> **What you need to do**:
Reproduce exactly the lines of this material that begin at the line with "World Map Country Of Morocco With Geographic Details Stock" and end at the line with "1boy, 2girls, akatsuki, akatsuki", both included. Omit the pictures and everything else.

> **Input records**:
+ + + + +
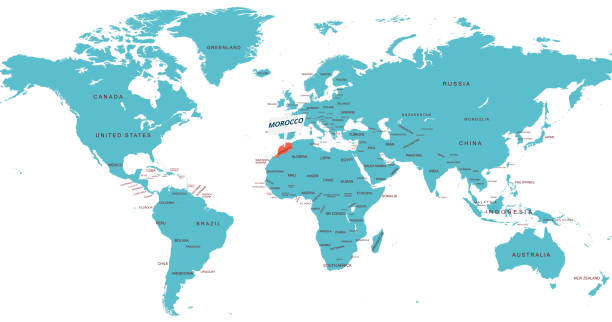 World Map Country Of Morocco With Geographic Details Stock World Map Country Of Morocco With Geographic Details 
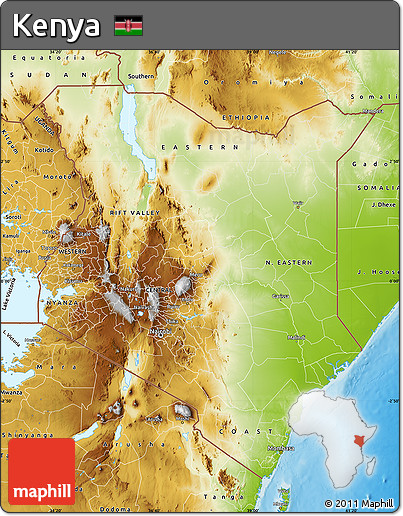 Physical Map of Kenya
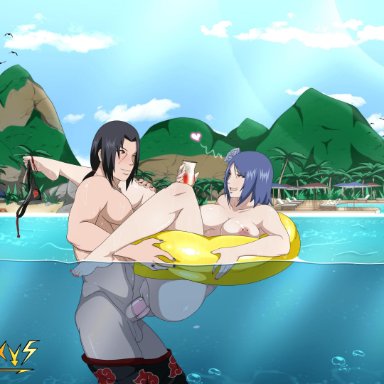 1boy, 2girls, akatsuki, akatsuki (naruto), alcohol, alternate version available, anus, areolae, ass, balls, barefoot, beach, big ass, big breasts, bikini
+ + + + +
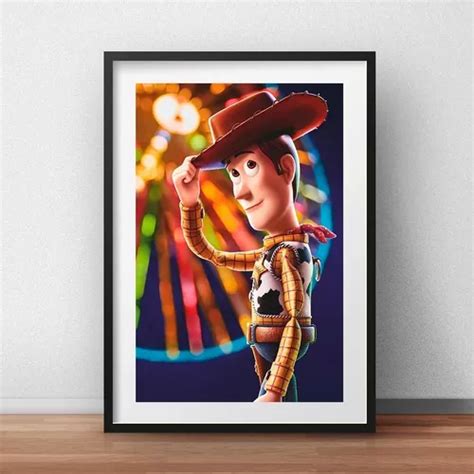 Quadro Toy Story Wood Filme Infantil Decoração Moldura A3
+ + + + +
> **Task result**:
 World Map Country Of Morocco With Geographic Details Stock World Map Country Of Morocco With Geographic Details 
 Physical Map of Kenya
 1boy, 2girls, akatsuki, akatsuki (naruto), alcohol, alternate version available, anus, areolae, ass, balls, barefoot, beach, big ass, big breasts, bikini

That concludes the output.